Implement Y = AB + CD using only NAND gates.

Q.) Implement Y = AB + CD using only NAND gates.

 Subject: Digital Circuit and System Design

To implement the logical function Y = AB + CD using only NAND gates, we need to understand the properties of NAND gates and how they can be used to create other logical functions. A NAND gate is a universal gate, which means that you can create any other logical operation using just NAND gates. The truth table for a NAND gate is as follows:

A B A NAND B
0 0 1
0 1 1
1 0 1
1 1 0

The logical expression for a NAND gate is:

[ \overline{AB} ]

Now, let's break down the process of implementing Y = AB + CD using only NAND gates step by step:

Step 1: Express the function using NAND operations

We can use De Morgan's Theorem to express the OR operation in terms of NAND operations. De Morgan's Theorem states that:

[ \overline{A + B} = \overline{A} \cdot \overline{B} ]

Using this theorem, we can rewrite the original function Y = AB + CD as:

[ Y = \overline{\overline{AB + CD}} ]

Now, we apply De Morgan's Theorem to the inner expression:

[ Y = \overline{\overline{AB} \cdot \overline{CD}} ]

Step 2: Implement the function using NAND gates

Now that we have the function expressed in terms of NAND operations, we can implement it using NAND gates. Here's how we can do it:

  1. Create the AB term using a NAND gate, but since we need AB and not its negation, we need to negate the output of the NAND gate. This requires two NAND gates: one to create the (\overline{AB}) term and another to negate it to get AB.
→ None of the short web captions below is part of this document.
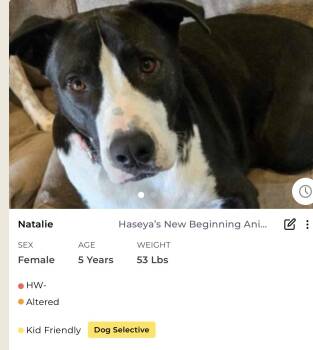 Rescue Mixed Breed Dogs for Adoption in Rayne, Louisiana - Natalie | PetCurious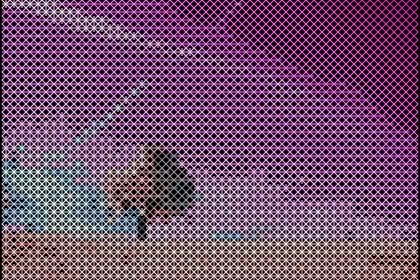 Lone Tree converted to Hatching style ASCII art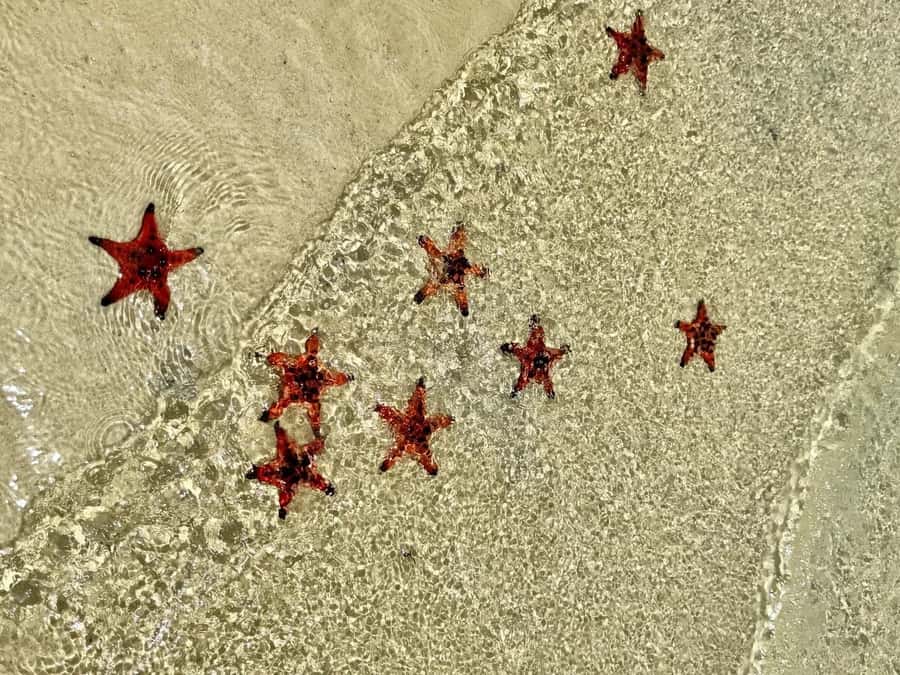 Phu Quoc: Rach Vem Starfish Kingdom & Cooking Experience - Authenticity and Quality: What Real Travelers Say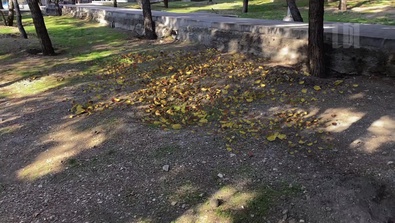 Autumn Leaves Dancing With the Wind!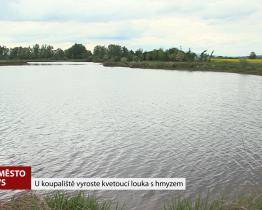 U koupaliště vyroste kvetoucí louka s hmyzem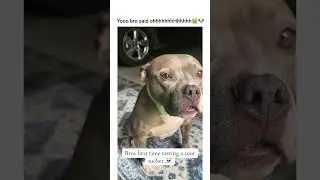 He said oooooooohoo that spicy ✨️ #dogshorts #pets #pets #petshub #funny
  2. Similarly, create the CD term using two NAND gates: one to create the (\overline{CD}) term and another to negate it to get CD.

  3. Finally, use a NAND gate to combine the negations of the AB and CD terms to get the final output Y.
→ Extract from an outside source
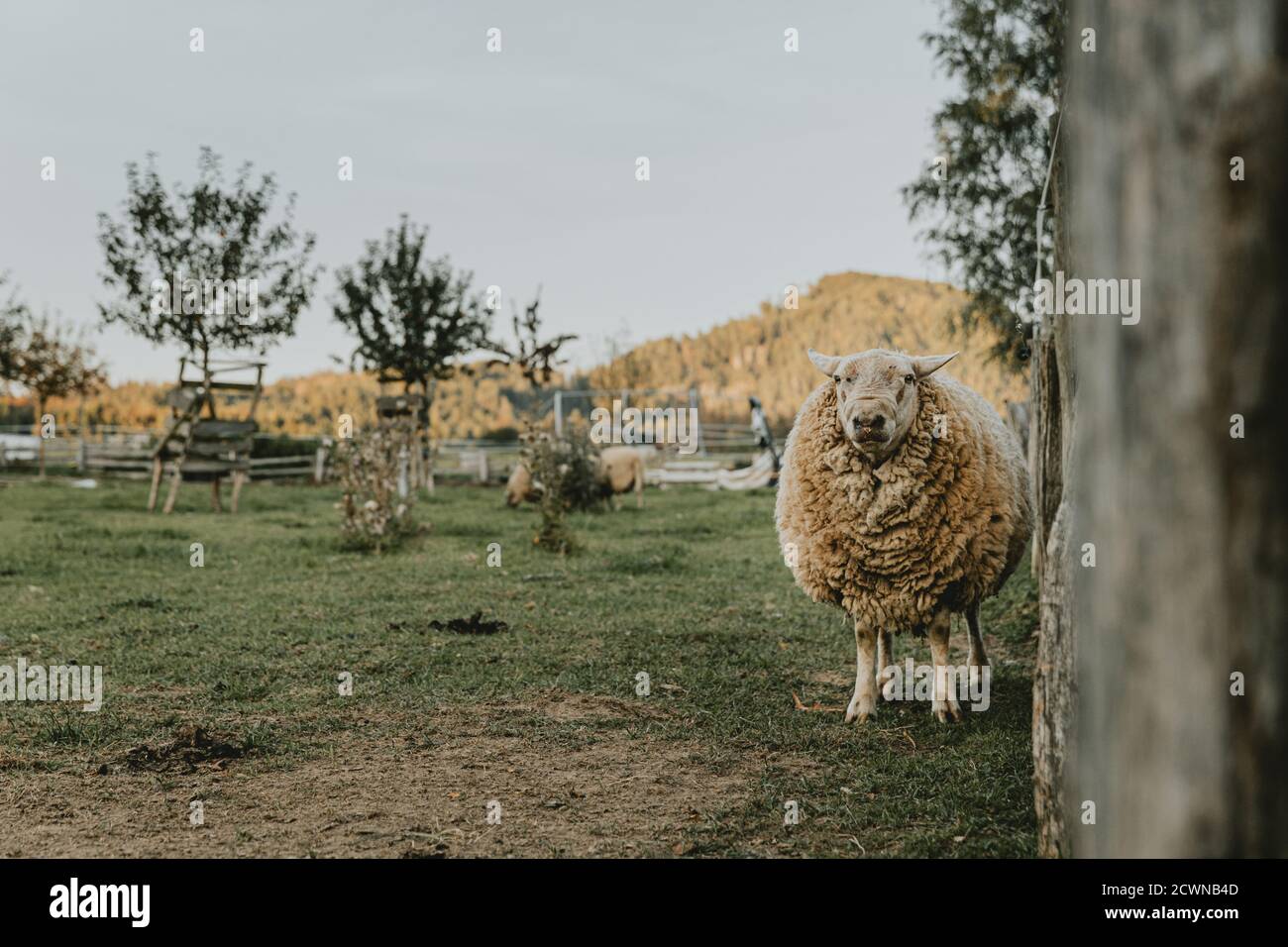 Vecchio arido montone con un sacco di lana su di lui, in piedi sul pascolo vicino alla recinzione sta fissando alla macchina fotografica durante il tramonto d'oro autunno Foto Stock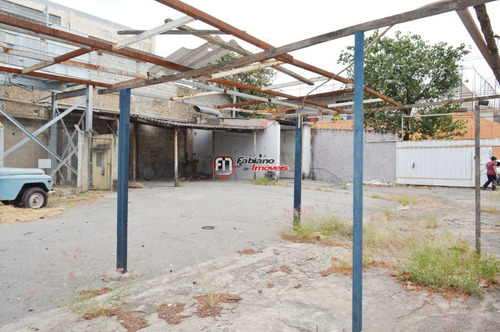 Lote 600m² Para Alugar, Bairro São Luiz, Belo Horizonte - Mg. - 5203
Step 3: Draw the circuit diagram

Here's the circuit diagram using only NAND gates to implement Y = AB + CD:

  A ----|    |----|    |
        |NAND|    |NAND|----|    |
  B ----|    |----|    |    |NAND|---- Y
                    |  |    |
  C ----|    |----|  |  |    |
        |NAND|    |  |  |    |
  D ----|    |----|  |  |    |
                    |  |    |
                    |  |    |
                    |  |    |
                    |  |    |
                    ----    |
                             |
                             |

Step 4: Verify the implementation

To verify that the implementation is correct, we can create a truth table for the circuit and compare it to the truth table for the original function Y = AB + CD.

A B C D AB CD (\overline{AB}) (\overline{CD}) Y = AB + CD NAND Implementation
0 0 0 0 0 0 1 1 0 0
0 0 0 1 0 0 1 1 0 0
0 0 1 0 0 0 1 1 0 0
0 0 1 1 0 1 1 0 1 1
0 1 0 0 0 0 1 1 0 0
0 1 0 1 0 0 1 1 0 0
0 1 1 0 0 0 1 1 0 0
0 1 1 1 0 1 1 0 1 1
1 0 0 0 0 0 1 1 0 0
1 0 0 1 0 0 1 1 0 0
1 0 1 0 0 0 1 1 0 0
1 0 1 1 0 1 1 0 1 1
1 1 0 0 1 0 0 1 1 1
1 1 0 1 1 0 0 1 1 1
1 1 1 0 1 0 0 1 1 1
1 1 1 1 1 1 0 0 1 1

As we can see from the truth table, the output of the NAND implementation matches the output of the original function Y = AB + CD for all possible input combinations. This confirms that the implementation using only NAND gates is correct.